All of lore.kernel.org
 help / color / mirror / Atom feed
From: Al Viro <viro@zeniv.linux.org.uk>
To: Jens Axboe <axboe@kernel.dk>
Cc: Linus Torvalds <torvalds@linux-foundation.org>,
	linux-fsdevel <linux-fsdevel@vger.kernel.org>
Subject: Re: [PATCH 1/2] fs: add support for LOOKUP_NONBLOCK
Date: Fri, 11 Dec 2020 17:20:54 +0000	[thread overview]
Message-ID: <20201211172054.GX3579531@ZenIV.linux.org.uk> (raw)
In-Reply-To: <89f96b42-9d58-cd46-e157-758e91269d89@kernel.dk>

On Fri, Dec 11, 2020 at 09:05:26AM -0700, Jens Axboe wrote:

> > Finally, I really wonder what is that for; if you are in conditions when
> > you really don't want to risk going to sleep, you do *NOT* want to
> > do mnt_want_write().  Or ->open().  Or truncate().  Or, for Cthulhu
> > sake, IMA hash calculation.
> 
> I just want to do the RCU side lookup, that is all.
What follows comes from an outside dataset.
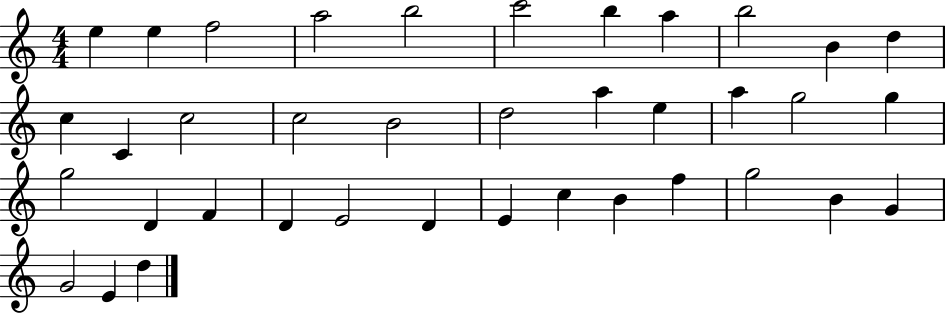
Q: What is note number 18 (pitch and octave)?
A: A5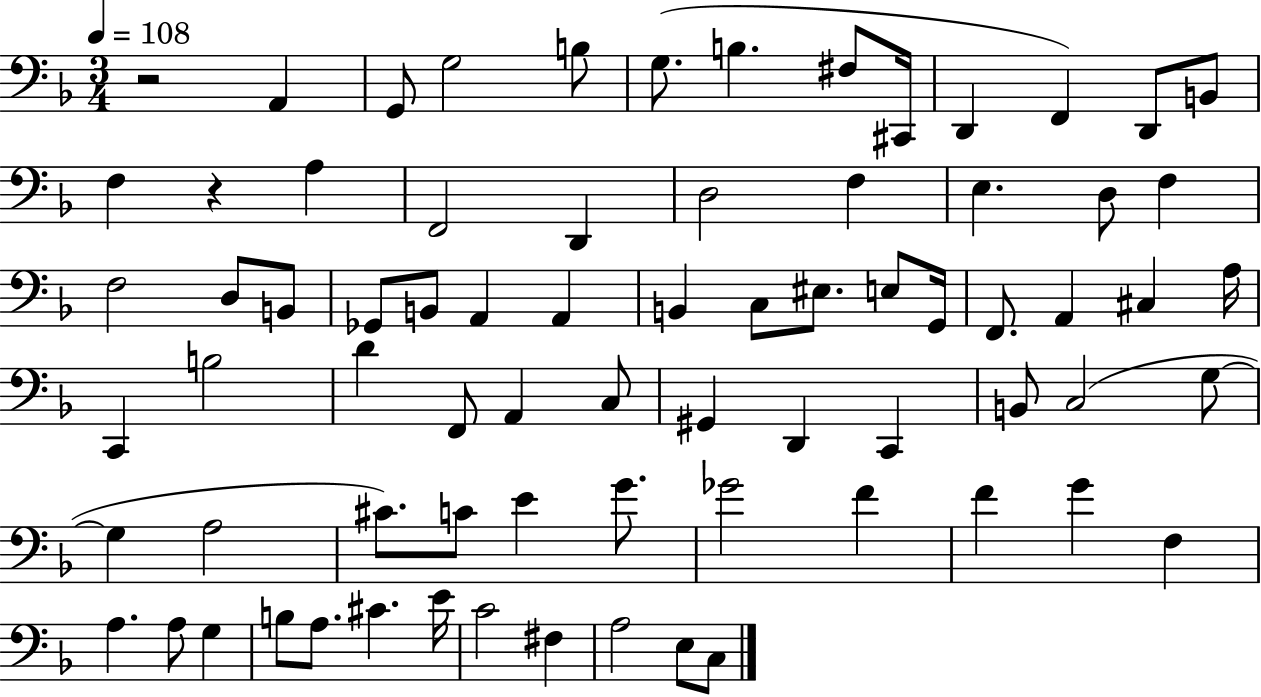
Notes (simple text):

R/h A2/q G2/e G3/h B3/e G3/e. B3/q. F#3/e C#2/s D2/q F2/q D2/e B2/e F3/q R/q A3/q F2/h D2/q D3/h F3/q E3/q. D3/e F3/q F3/h D3/e B2/e Gb2/e B2/e A2/q A2/q B2/q C3/e EIS3/e. E3/e G2/s F2/e. A2/q C#3/q A3/s C2/q B3/h D4/q F2/e A2/q C3/e G#2/q D2/q C2/q B2/e C3/h G3/e G3/q A3/h C#4/e. C4/e E4/q G4/e. Gb4/h F4/q F4/q G4/q F3/q A3/q. A3/e G3/q B3/e A3/e. C#4/q. E4/s C4/h F#3/q A3/h E3/e C3/e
That's my fast path.
> If that doesn't work, then we'll go through the motions of pushing this
> to a context that allows blocking open.
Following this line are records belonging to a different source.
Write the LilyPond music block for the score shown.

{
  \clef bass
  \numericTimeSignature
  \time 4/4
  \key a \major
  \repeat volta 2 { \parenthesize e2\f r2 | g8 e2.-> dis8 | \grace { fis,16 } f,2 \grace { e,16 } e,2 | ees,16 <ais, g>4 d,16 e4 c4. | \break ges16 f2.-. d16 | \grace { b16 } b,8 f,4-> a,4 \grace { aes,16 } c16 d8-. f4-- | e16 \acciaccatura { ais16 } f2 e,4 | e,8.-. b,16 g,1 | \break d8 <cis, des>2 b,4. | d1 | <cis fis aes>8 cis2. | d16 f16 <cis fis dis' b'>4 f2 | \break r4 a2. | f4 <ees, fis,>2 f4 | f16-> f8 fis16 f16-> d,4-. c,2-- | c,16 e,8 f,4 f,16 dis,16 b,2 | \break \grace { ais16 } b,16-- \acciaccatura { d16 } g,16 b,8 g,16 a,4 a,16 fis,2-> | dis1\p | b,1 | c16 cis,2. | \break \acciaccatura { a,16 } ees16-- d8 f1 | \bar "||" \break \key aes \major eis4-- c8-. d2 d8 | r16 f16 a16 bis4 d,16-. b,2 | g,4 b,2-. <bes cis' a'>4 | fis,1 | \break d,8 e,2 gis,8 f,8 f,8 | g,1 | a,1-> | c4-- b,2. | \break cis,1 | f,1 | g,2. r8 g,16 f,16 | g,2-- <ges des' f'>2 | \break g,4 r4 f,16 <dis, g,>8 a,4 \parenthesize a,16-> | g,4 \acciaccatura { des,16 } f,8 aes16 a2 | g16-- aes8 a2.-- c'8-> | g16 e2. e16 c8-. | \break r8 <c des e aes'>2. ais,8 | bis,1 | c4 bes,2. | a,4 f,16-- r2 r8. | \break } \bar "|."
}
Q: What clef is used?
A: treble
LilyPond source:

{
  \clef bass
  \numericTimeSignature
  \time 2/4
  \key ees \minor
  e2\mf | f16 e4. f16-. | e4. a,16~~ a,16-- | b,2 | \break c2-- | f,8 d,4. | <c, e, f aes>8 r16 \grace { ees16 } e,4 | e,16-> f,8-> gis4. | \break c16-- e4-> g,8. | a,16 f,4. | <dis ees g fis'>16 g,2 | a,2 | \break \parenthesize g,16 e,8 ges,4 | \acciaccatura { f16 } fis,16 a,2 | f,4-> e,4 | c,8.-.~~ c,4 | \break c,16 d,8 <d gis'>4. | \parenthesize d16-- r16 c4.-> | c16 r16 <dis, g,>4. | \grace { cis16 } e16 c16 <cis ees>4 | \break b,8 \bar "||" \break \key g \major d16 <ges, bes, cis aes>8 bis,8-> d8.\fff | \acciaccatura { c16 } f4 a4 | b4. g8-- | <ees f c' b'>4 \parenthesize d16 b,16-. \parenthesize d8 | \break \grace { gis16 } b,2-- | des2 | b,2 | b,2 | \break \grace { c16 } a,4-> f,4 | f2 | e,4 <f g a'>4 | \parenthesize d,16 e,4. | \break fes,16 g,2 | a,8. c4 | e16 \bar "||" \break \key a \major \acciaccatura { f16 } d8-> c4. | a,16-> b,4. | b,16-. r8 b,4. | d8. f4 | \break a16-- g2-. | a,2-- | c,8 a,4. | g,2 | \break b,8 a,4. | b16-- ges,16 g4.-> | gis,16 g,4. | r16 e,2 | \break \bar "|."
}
Explain, please.  What's the difference between blocking in a lookup and
blocking in truncate?  Either your call site is fine with a potentially
long sleep, or it is not; I don't understand what makes one source of
that behaviour different from another.

"Fast path" in context like "we can't sleep here, but often enough we
won't need to; here's a function that will bail out rather than blocking,
let's call that and go through offload to helper thread in rare case
when it does bail out" does make sense; what you are proposing to do
here is rather different and AFAICS saying "that's my fast path" is
meaningless here.

I really do not understand what it is that you are trying to achieve;
fastpath lookup part would be usable on its own, but mixed with
the rest of do_open() (as well as the open_last_lookups(), BTW)
it does not give the caller any useful warranties.

Theoretically it could be amended into something usable, but you
would need to make do_open(), open_last_lookups() (as well as
do_tmpfile()) honour your flag, with similar warranties provided
to caller.

AFAICS, without that part it is pretty much worthless.  And details
of what you are going to do in the missing bits *do* matter - unlike the
pathwalk side (which is trivial) it has potential for being very
messy.  I want to see _that_ before we commit to going there, and
a user-visible flag to openat2() makes a very strong commitment.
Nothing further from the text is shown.